The susceptibility of ML to systematic biases in cases where these is model misspecification motivates us to ask: is it possible to develop alternative techniques that are less effected than is ML by, for example, extreme branch length asymmetries? Here we introduce PhyQuart, a new, quartet-based algorithm which considers two alternative directions of character evolution along the internal branch of a quartet tree to discern between potentially apomorphic and plesiomorphic split-supporting site-patterns, and ML to estimate the expected number of convergent split-supporting site-patterns. This combination of Hennigian logic and ML estimation represents a completely new strategy for the evaluation of sequence data. A quartet tree comprising one internal and four external branches is the smallest phylogenetically informative unrooted tree. It is sometimes helpful to focus on quartets because of their computational simplicity: there are only three alternative topologies to be investigated and far fewer potential site-patterns (the basic empirical data from which inferences are to be made) than in alignments containing many taxa.
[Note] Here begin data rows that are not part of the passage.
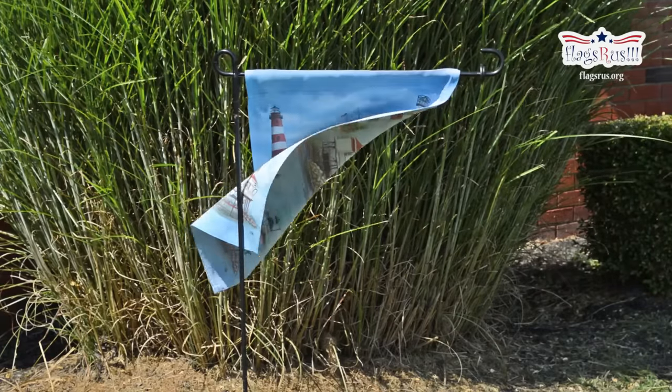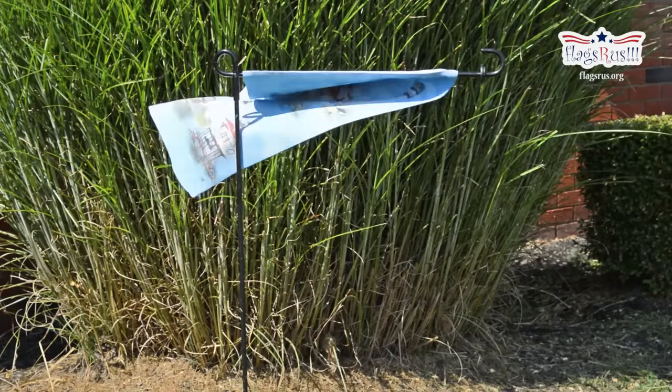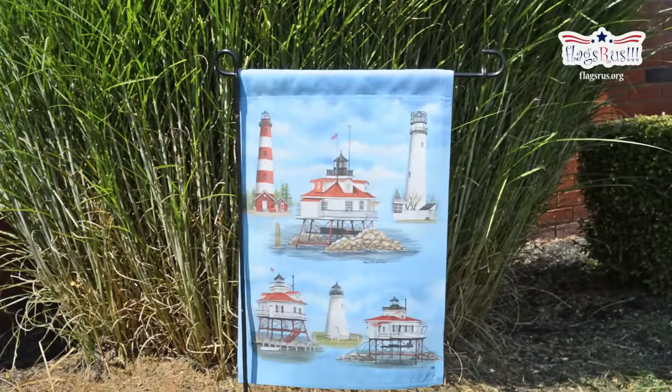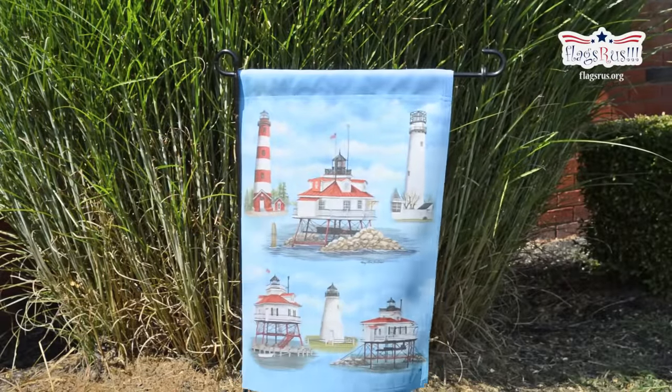Hello everyone and thank you for joining FlagsRUs.org. Today we're going to be showing you a video on how to install a garden flag onto a garden stand with a rubber stopper. Hope you enjoy!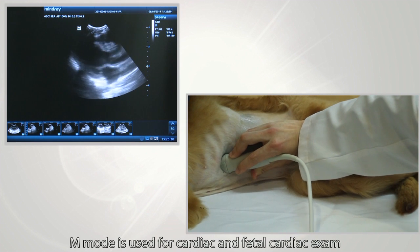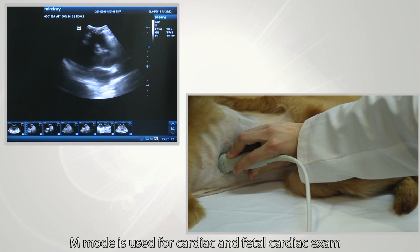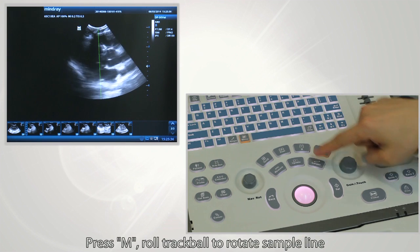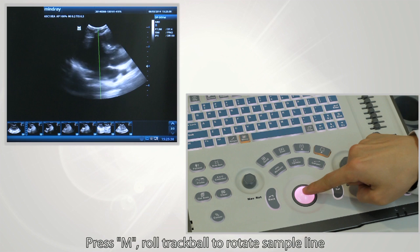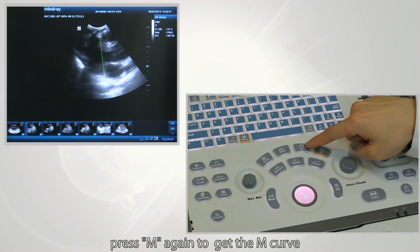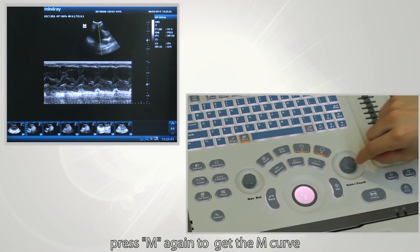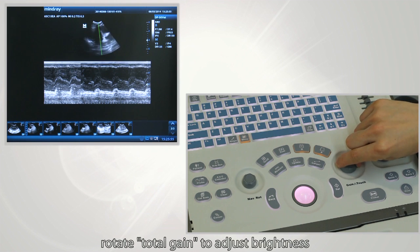M-mode is used for cardiac and fetal cardiac exams. Press the M button and roll the trackball to position the sample line. Press M again to get the M curve. Rotate the total gain to adjust brightness.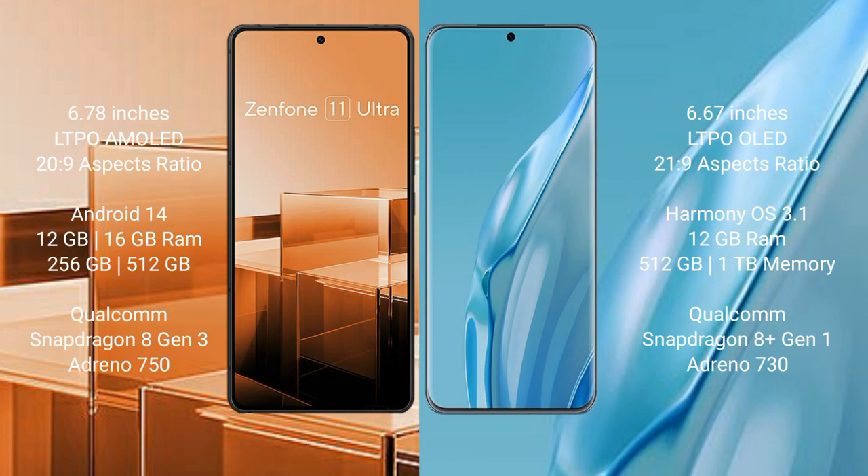Asus Zenfone 11 Ultra runs on the Android 14 operating system. Huawei P60 Art runs on the HarmonyOS operating system.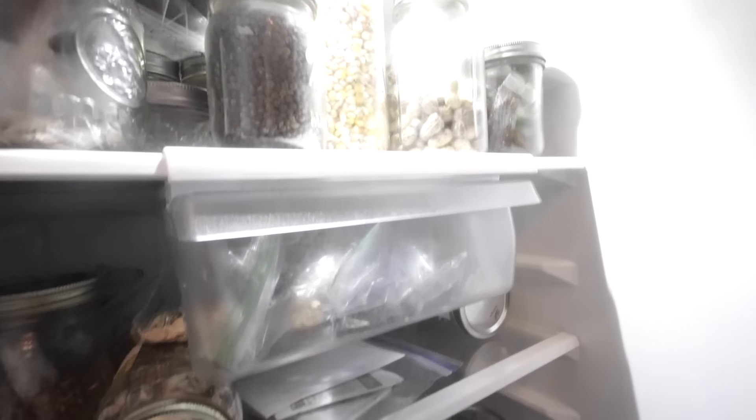Welcome back. I bet a lot of you guys probably have an entire refrigerator dedicated to seeds. But that's not what we're gonna talk about today.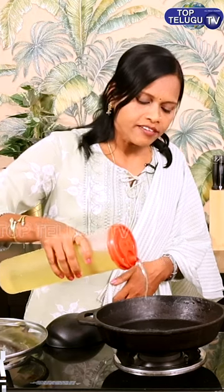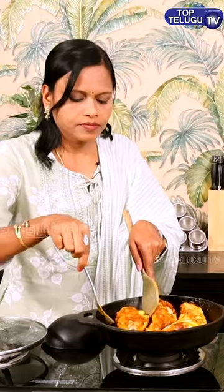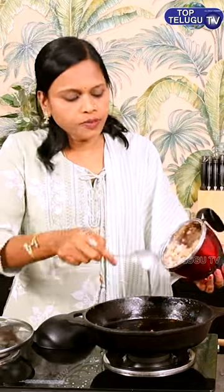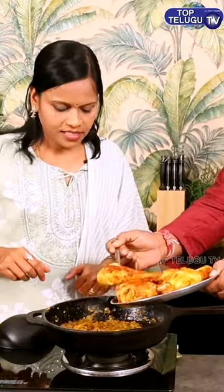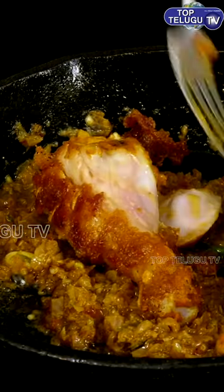Let's put the oil in the pan. It's hot. I have to put it in the pan. It's easy to make it. Let's put it in for two to three minutes.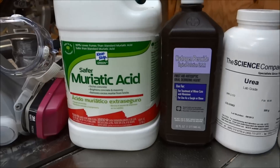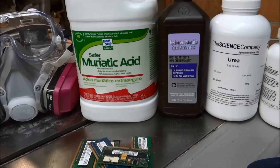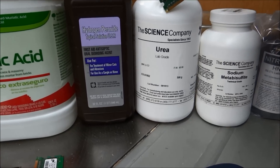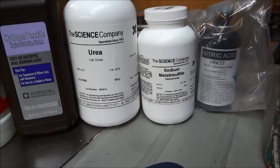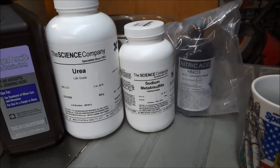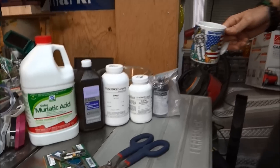We're going to need muriatic acid and hydrogen peroxide — both came from Walmart, so you can get those readily. That's for the first step. For the next step we're going to need some urea, which I got from the science company, and some sodium metabisulfate. Then there's nitric acid, which obviously scares me given the container it came in. And this is my NASA cup — in honor of the astronauts walking in space yesterday and saving the space station. Go USA astronauts, you rock!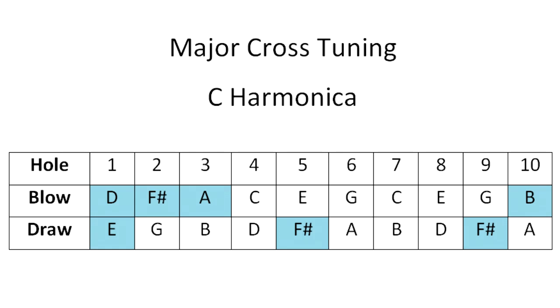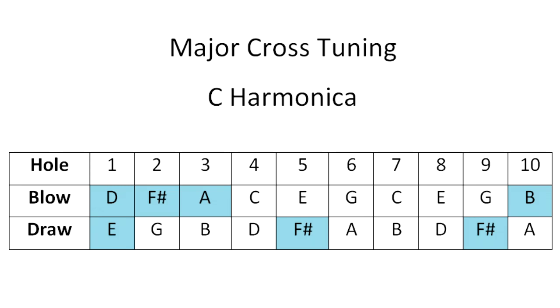It's actually quite similar to the Lee Oscar Melody Maker. The idea is to play in second position or cross position, but for the entire instrument to be tuned to a major scale so you don't have to bend any notes. You'll notice that seven notes have been changed, so it's quite a radical change to the harmonica. But in second position, all of the notes of the G scale are there without doing any bends.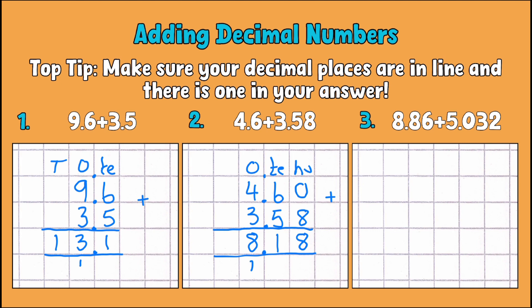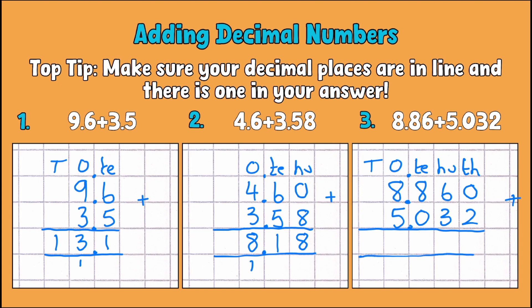Let's move on to our next example: 8.86 add 5.032. I'll put my place value headings in — one number goes to hundredths, but the other goes to thousandths. We do the exact same thing: pop a placeholder zero in for the missing thousandths column, make sure we've got our answer line and decimal aligned.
Despite this helpful computational simplicity, it is widely believed that quartet analyses exacerbates LBA (because it is the opposite of adding taxa so as to break up long branches) and thus represents the most difficult taxon sampling context in which to overcome LBA [80]. Through extensive quartet simulations, including cases with strong branch length differences, we demonstrate the efficiency of our new approach in detecting phylogenetically informative and conflicting signals and compare its performance to ML alone when there is a (unrealistically) small degree of model misspecification. The PhyQuart algorithm is implemented in a command line driven software script.
1 The method: Concept and algorithm
1.1 Concept
The PhyQuart algorithm takes as input an alignment and outputs normalised split-support for alternative quartet trees based on a site-pattern classification and using observed and expected (based on ML inference) frequencies of split-supporting site-patterns, considering the Hennigian distinction between phylogenetically informative (apomorphic) and uninformative (plesiomorphic) character.
Here we define some basic concepts and provide a brief overview of our approach. A more complete and formal description of the PhyQuart algorithm is given in the next section.
We decided to use the established terms plesiomorphy and apomorphy to distinguish between old (pelsiomorphic) and new (apomorphic) shared homologous character states. The alternative would have been to invent some new term for the same meaning, which clearly is not a better option. Both terms describe a simple fact that is observed everywhere where evolution takes place: an old state is modified and transformed to a new state. Or, something that did not exist appears de novo. This is not different from saying that there is a sequence (a complex character) in which a nucleotide at a specific site position of an alignment is substituted by a new nucleotide, which would be the apomorphic detail. The discovery that it makes a difference whether in molecular evolutionary processes the polarity in time is considered or not has recently been published by Kück & Wägele [49]. Phylogenetically informative split-supporting site-patterns are only those site-patterns which contain apomorphies. Further, we define an informative split-supporting sitre-pattern as “putative synapomorphy” when a shared apomorphic character similarity between two taxa on one side of a split is assumed to be present in the most recent common ancestor (internal node of a tree).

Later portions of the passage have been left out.